La parole royale était souvent jugée plus “équitable” dans des affaires qui avaient trait à des questions d’héritage, de tutelle de personne ou encore de certains conflits commerciaux.

C’est cette tradition que la Cour de la chancellerie perpétue depuis sa création en 1792. Ses juges – qui se font appeler chanceliers – sont censés pouvoir se fonder sur les “principes d’équités” plutôt que sur les règles de droit.

Pour autant la Cour de chancellerie n’est pas au-dessus des lois. Elle les applique, mais ses juges se réservent la possibilité de trancher en vertu des “principes d’équité” quand les textes de loi ne sont pas suffisamment clairs. 

C’est pourquoi cette juridiction est si prisée en cas de litiges autour d’accords de fusion et acquisition, car les clauses de ces contrats sont souvent rédigées en termes très généraux, nécessitant une interprétation au cas par cas par des experts en la matière. Un savoir-faire dont ce tribunal à fait sa spécialité en plus de deux siècles d’existence.

Pas de jury

Un autre avantage est que l’équité permet “de trancher autrement qu’en allouant des dommages et intérêts, ce qui est la norme dans les affaires civiles”, explique Charles Elson, spécialiste de la gouvernance d’entreprise à l’Université du Delaware, interrogé par le New York Times

Les juges peuvent ainsi décider qu’il est “équitable” d’obliger une partie à honorer son offre de rachat ou de l’en absoudre… Une question au cœur de la bataille entre Twitter et Elon Musk et qui a été portée à l’attention de la Cour de chancellerie de nombreuses fois depuis le début du 21e siècle, a constaté la chaîne économique Bloomberg.

Les grands groupes apprécient aussi une autre particularité de ce tribunal : il ne fait pas appel à un jury et laisse les juges décider de tout. Il y a donc beaucoup moins de publicité autour de ces audiences, souvent très pointues, techniques et beaucoup plus expéditives que devant les tribunaux civils traditionnels. Une certaine intimité qui sied parfaitement à des sociétés qui ne veulent, généralement, pas que les détails de leurs affaires s’étalent dans les médias.
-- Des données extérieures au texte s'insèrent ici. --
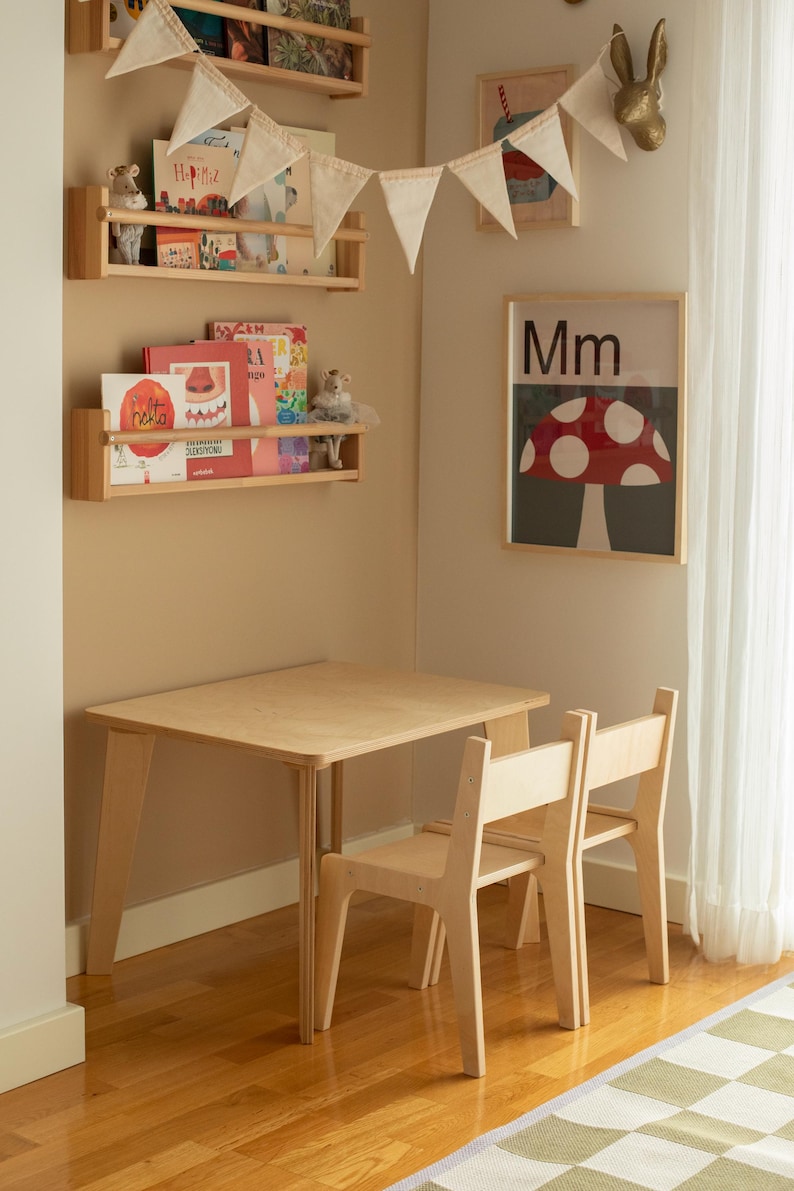 May include: A light wood children's table and two chairs set in a corner of a room. The table is rectangular with angled legs. A framed poster with a mushroom illustration hangs on the wall. Wooden shelves hold books and toys.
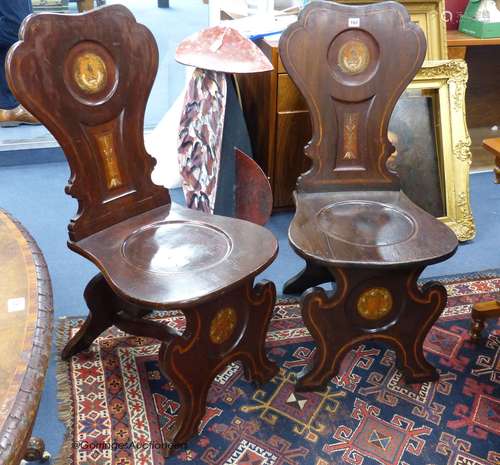 A pair of 19th century walnut hall chairs with painted armor...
Ce qui ne veut pas dire que ce tribunal n’a jamais eu à se pencher sur des affaires ayant eu des répercussions médiatiques importantes. La Cour a jugé, en 2021, que l’impact économique de la pandémie de Covid-19 n’était pas un motif suffisant pour permettre à une société de revenir sur une promesse de rachat faite à un autre groupe. C’est aussi cette juridiction qui a départagé, en 2020, le géant du luxe LVMH qui ne voulait plus racheter l’enseigne américaine de bijoux de luxe Tiffany.

Elon Musk lui-même a déjà eu affaire à la Cour de la chancellerie. En avril 2022, il a eu gain de cause devant cette juridiction face à des actionnaires de Tesla qui voulaient l’empêcher de racheter SolarCity, une entreprise spécialisée dans l’énergie solaire.

Une victoire qui ne présage en rien de l’issue de son procès contre Twitter. La Cour de chancellerie apparaît, en effet, très réticente à permettre à un acheteur de revenir sur une offre acceptée. 

Bloomberg n’a ainsi trouvé qu’un seul cas où les juges ont considéré qu’il y avait eu un “événement défavorable important” justifiant de revenir sur les termes du contrat. En 2018, le tribunal a trouvé que le groupe pharmaceutique allemand Fresenius avait le droit revenir sur son engagement d’acquérir le fabricant américain de médicaments Akorn, dont les revenus avaient chuté de près de 30 % deux mois seulement après avoir signé l’accord de rachat.